*EXERCISE GOAL*: All of the data should be repeated exactly; pictures are not part of the copy.

*DATASET SECTION*:
○ ○ ○ ○

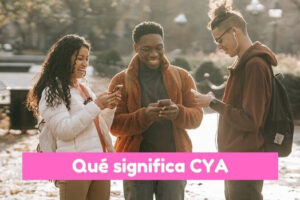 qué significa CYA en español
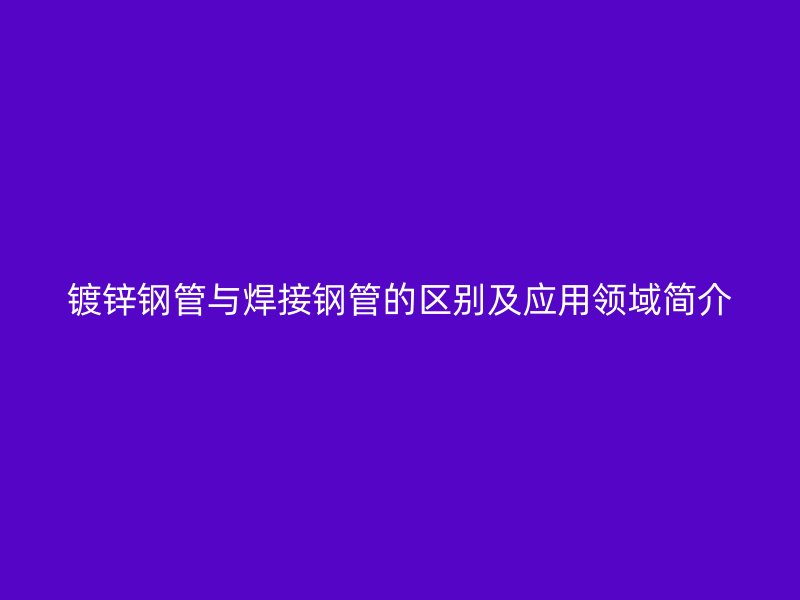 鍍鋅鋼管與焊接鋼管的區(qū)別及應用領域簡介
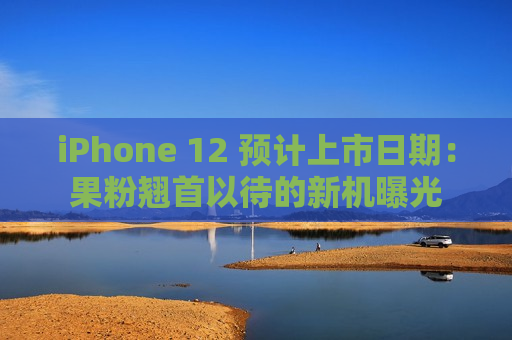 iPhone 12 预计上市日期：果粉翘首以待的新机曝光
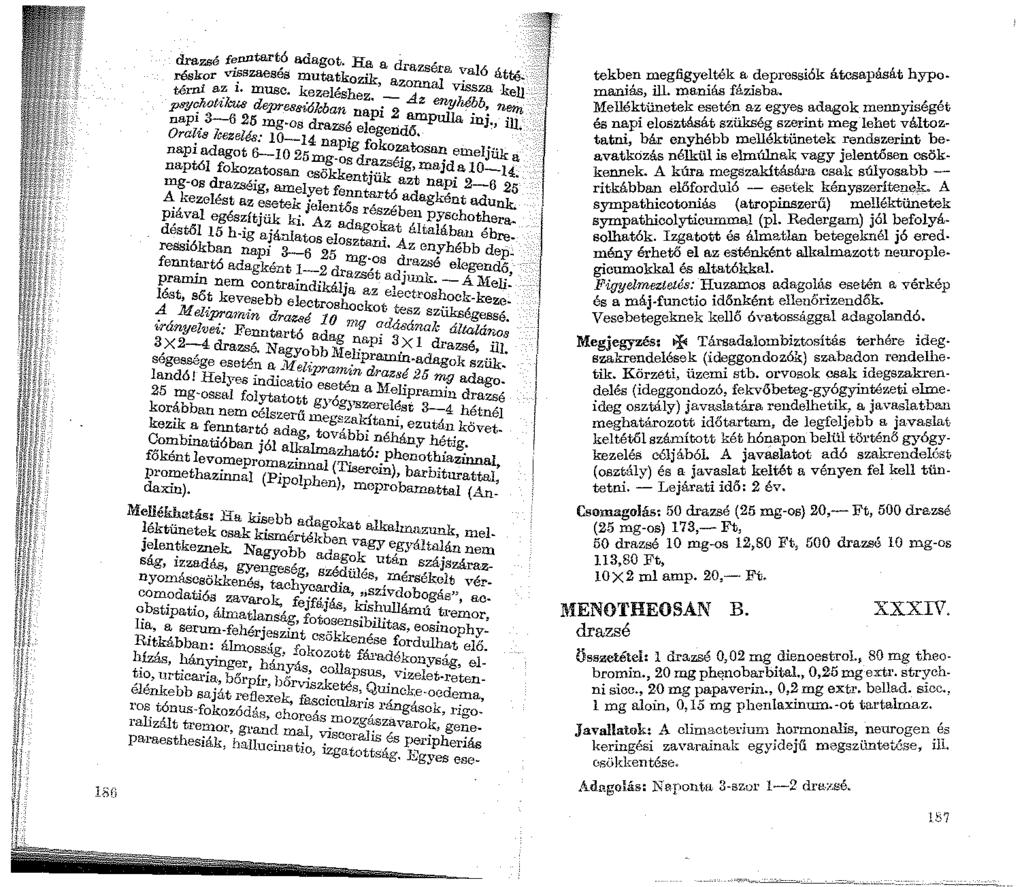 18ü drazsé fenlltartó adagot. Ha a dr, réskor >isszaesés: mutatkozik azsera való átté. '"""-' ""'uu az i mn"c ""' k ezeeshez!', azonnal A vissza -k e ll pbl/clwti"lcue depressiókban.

○ ○ ○ ○

*ANSWER SPACE*:
 qué significa CYA en español
 鍍鋅鋼管與焊接鋼管的區(qū)別及應用領域簡介
 iPhone 12 预计上市日期：果粉翘首以待的新机曝光
 18ü drazsé fenlltartó adagot. Ha a dr, réskor >isszaesés: mutatkozik azsera való átté. '"""-' ""'uu az i mn"c ""' k ezeeshez!', azonnal A vissza -k e ll pbl/clwti"lcue depressiókban.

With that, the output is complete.